#### [Task instructions]
Print the data exactly as written, but leave out each picture.

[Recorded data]
═══
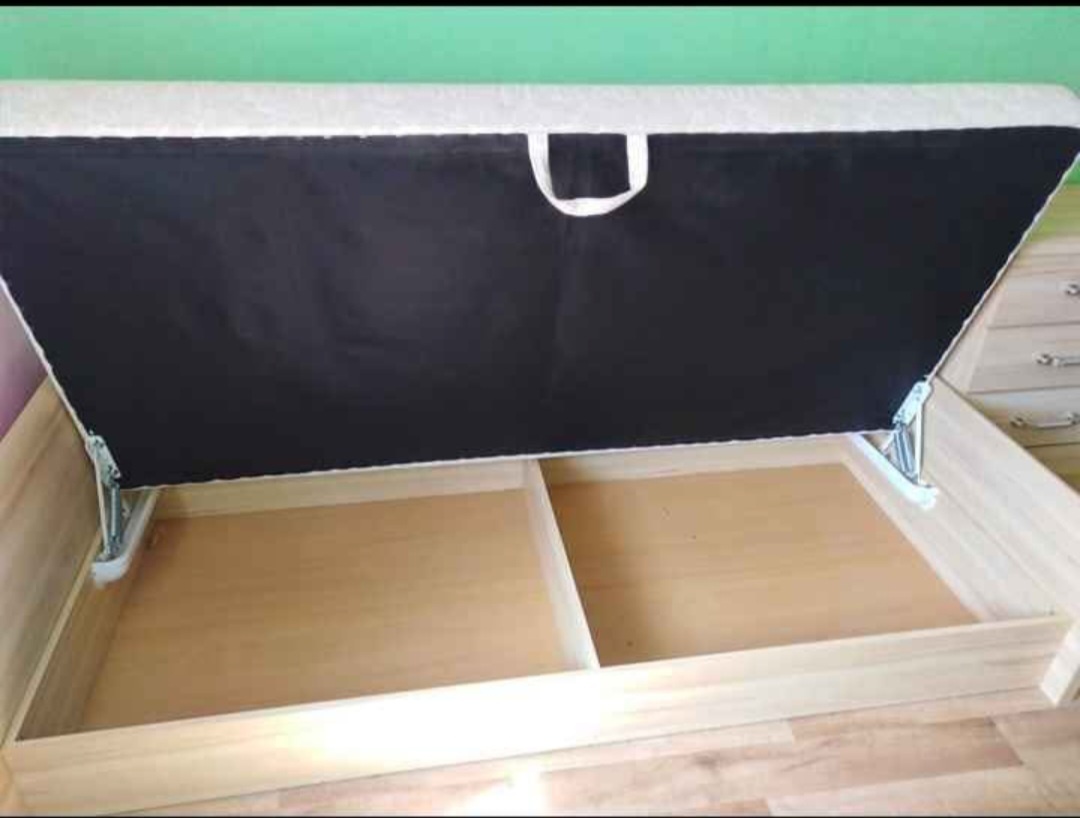 Prodám jednolůžkovou postel - 2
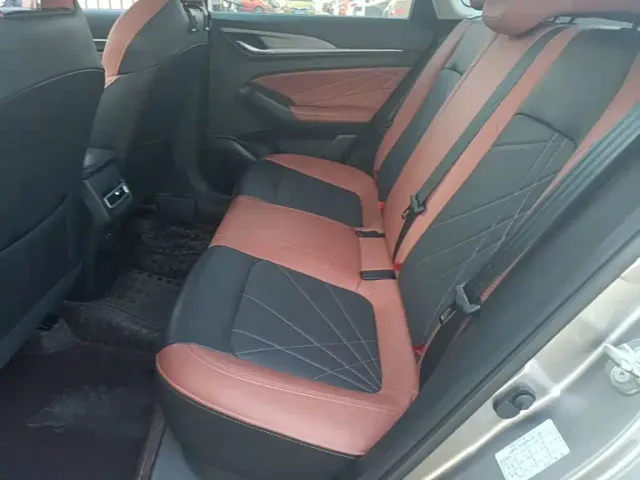 Changan Eado — Фото автомобиля 16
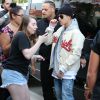 Justin Bieber est allé faire du shopping avec ses amis à West Hollywood. Sur le chemin, les nombreuses fans en ont profité pour faire des photos avec lui. Le 10 mai 2014 à Los Angeles.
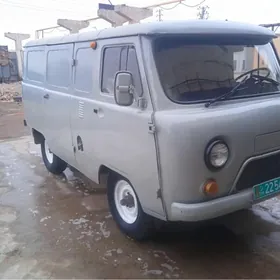 UAZ 2206 2000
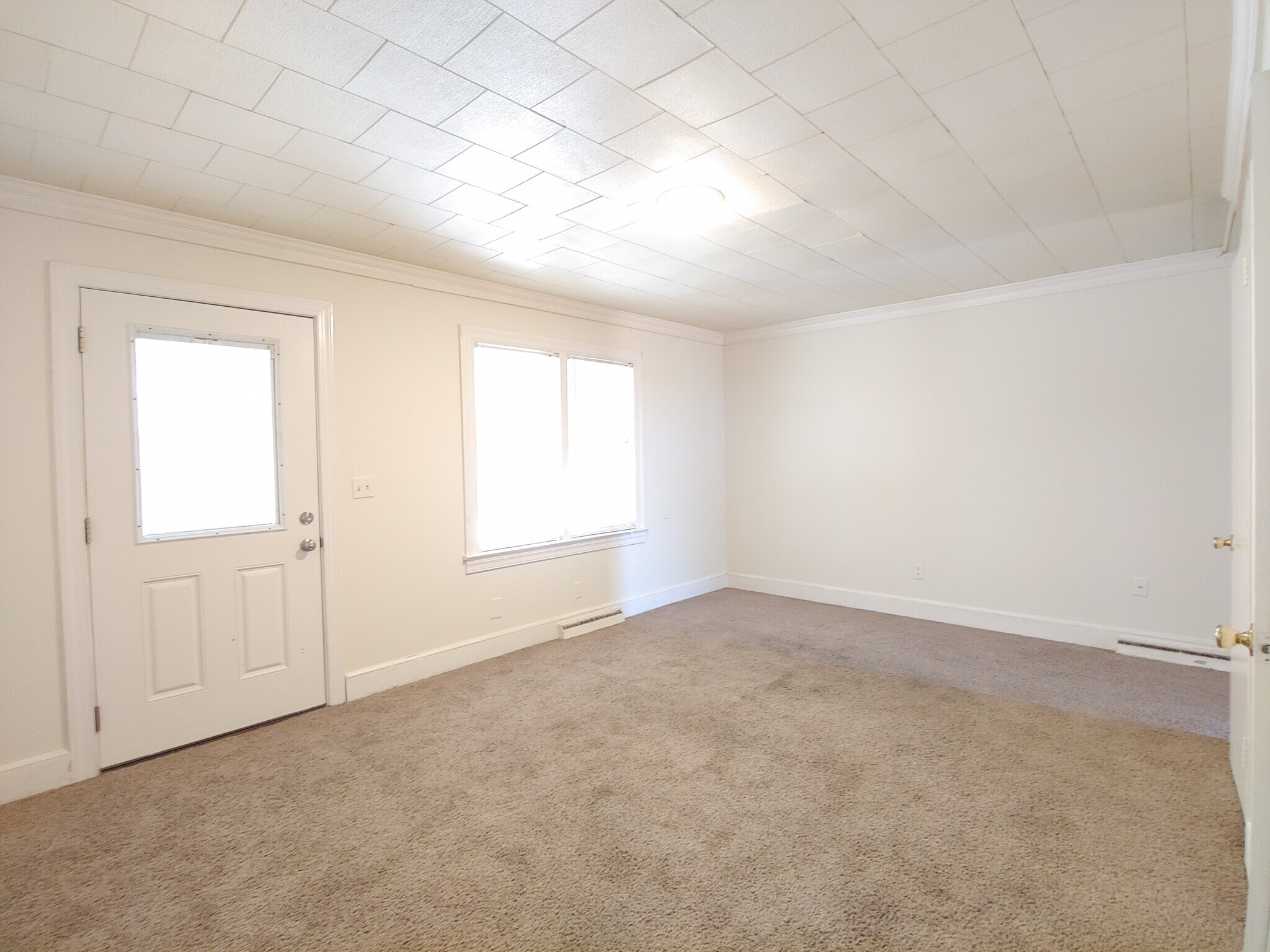 Building Photo - 3922 E Ash St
═══
#### [Solution for this task]
 Prodám jednolůžkovou postel - 2
 Changan Eado — Фото автомобиля 16
 Justin Bieber est allé faire du shopping avec ses amis à West Hollywood. Sur le chemin, les nombreuses fans en ont profité pour faire des photos avec lui. Le 10 mai 2014 à Los Angeles.
 UAZ 2206 2000
 Building Photo - 3922 E Ash St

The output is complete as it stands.